▶ **What you should do**: If a line in the records contains the word "Apartamento", count it; state the resulting number and nothing more.

==*==

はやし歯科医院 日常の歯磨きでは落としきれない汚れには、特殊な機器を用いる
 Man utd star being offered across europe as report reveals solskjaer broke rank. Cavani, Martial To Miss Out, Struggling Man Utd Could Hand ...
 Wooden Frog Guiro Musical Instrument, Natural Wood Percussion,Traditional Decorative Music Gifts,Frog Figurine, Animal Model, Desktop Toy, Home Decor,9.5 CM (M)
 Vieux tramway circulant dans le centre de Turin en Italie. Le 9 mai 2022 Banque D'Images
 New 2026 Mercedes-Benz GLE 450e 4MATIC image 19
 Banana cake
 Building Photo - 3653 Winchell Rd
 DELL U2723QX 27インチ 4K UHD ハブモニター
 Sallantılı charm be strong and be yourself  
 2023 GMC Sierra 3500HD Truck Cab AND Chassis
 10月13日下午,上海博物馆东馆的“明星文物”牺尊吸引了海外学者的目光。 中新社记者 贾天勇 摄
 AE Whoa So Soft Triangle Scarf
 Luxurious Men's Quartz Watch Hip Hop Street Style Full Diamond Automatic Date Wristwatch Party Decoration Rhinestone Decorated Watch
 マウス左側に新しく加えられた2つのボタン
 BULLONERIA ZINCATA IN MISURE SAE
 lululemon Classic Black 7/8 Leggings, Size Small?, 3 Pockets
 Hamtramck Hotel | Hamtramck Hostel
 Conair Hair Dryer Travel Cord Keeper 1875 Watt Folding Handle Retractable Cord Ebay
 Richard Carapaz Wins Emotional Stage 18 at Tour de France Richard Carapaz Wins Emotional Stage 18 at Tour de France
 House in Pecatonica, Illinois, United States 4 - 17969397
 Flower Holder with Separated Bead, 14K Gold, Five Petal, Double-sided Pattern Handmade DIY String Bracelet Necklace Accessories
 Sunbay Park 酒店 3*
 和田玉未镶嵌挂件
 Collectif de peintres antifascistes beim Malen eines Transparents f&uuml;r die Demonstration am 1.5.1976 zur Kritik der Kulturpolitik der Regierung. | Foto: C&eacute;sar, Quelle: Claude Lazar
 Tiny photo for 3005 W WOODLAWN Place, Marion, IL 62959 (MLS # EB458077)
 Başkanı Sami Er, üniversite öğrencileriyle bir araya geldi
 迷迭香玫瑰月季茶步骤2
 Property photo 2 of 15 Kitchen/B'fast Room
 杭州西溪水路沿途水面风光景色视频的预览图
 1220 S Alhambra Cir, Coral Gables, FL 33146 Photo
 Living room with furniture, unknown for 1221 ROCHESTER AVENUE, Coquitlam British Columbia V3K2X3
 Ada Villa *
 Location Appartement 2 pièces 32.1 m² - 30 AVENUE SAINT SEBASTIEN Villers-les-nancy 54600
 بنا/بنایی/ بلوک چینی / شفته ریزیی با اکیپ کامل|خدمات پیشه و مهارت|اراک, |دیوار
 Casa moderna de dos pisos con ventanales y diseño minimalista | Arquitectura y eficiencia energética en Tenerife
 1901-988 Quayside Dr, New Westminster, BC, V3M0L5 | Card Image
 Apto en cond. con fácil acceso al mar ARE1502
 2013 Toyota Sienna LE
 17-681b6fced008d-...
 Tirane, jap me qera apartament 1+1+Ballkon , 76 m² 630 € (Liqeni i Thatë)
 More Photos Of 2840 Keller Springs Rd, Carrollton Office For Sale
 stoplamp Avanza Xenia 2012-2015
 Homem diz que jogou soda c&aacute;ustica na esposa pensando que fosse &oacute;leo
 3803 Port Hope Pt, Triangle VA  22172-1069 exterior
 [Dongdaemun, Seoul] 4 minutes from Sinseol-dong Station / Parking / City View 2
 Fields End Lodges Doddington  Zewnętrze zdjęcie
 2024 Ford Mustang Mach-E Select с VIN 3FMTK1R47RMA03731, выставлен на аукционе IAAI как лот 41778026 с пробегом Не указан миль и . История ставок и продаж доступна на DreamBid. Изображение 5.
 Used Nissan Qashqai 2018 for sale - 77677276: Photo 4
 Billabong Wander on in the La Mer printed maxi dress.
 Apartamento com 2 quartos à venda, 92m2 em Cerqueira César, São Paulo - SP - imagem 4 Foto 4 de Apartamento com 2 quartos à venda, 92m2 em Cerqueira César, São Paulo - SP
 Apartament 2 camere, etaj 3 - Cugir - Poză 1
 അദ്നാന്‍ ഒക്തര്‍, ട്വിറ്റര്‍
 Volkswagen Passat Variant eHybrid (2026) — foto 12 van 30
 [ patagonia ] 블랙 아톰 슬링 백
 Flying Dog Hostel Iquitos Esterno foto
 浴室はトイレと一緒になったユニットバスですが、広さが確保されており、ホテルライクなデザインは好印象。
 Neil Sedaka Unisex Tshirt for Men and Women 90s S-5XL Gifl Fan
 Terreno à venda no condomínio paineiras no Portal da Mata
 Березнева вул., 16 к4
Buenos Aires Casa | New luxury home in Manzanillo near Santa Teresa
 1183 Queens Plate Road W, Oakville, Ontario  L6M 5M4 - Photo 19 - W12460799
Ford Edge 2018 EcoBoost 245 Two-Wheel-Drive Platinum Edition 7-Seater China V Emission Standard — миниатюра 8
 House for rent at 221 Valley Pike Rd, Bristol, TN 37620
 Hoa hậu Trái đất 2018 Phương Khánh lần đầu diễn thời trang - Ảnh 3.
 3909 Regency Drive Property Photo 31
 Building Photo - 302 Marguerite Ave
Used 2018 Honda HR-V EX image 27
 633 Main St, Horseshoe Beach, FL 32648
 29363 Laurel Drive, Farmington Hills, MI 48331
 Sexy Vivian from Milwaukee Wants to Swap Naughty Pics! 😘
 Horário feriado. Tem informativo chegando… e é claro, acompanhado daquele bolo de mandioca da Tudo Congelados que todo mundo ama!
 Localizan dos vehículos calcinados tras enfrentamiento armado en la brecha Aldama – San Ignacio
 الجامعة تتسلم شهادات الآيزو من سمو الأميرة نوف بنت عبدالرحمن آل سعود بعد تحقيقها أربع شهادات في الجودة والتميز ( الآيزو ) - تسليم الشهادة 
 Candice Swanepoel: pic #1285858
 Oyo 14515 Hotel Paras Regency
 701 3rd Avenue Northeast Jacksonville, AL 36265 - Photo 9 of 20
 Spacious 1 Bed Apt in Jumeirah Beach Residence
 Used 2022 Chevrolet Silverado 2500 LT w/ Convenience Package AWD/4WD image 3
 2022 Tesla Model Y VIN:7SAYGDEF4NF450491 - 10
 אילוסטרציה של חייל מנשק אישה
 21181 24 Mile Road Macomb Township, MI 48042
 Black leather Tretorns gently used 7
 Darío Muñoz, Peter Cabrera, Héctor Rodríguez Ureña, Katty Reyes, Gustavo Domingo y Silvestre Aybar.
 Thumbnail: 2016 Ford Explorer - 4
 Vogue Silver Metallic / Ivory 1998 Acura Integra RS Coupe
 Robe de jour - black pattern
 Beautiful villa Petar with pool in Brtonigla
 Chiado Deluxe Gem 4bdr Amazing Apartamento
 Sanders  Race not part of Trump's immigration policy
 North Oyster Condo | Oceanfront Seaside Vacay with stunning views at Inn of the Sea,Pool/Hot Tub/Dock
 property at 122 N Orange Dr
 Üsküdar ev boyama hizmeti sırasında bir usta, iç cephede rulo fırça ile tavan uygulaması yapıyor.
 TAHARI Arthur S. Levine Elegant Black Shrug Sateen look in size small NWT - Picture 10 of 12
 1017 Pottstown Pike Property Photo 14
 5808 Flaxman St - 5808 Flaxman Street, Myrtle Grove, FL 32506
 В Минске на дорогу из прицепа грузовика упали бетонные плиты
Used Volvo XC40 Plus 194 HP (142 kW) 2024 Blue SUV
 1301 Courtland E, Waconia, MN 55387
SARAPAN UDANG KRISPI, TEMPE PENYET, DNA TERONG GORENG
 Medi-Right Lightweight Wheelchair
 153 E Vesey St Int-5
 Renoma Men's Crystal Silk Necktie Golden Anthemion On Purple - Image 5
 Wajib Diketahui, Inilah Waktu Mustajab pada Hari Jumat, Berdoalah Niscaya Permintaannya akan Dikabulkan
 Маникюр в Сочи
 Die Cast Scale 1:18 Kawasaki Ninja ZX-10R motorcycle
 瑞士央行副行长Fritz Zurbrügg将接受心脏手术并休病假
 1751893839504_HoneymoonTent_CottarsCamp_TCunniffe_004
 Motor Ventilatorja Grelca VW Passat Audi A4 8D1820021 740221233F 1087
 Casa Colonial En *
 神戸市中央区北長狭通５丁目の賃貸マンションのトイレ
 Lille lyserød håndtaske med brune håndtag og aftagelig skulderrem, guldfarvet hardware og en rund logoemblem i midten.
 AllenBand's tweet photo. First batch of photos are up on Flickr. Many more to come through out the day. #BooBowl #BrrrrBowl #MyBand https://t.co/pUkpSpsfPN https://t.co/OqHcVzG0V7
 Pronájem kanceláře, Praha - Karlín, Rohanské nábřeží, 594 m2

==*==

▶ **Solution for this task**: 2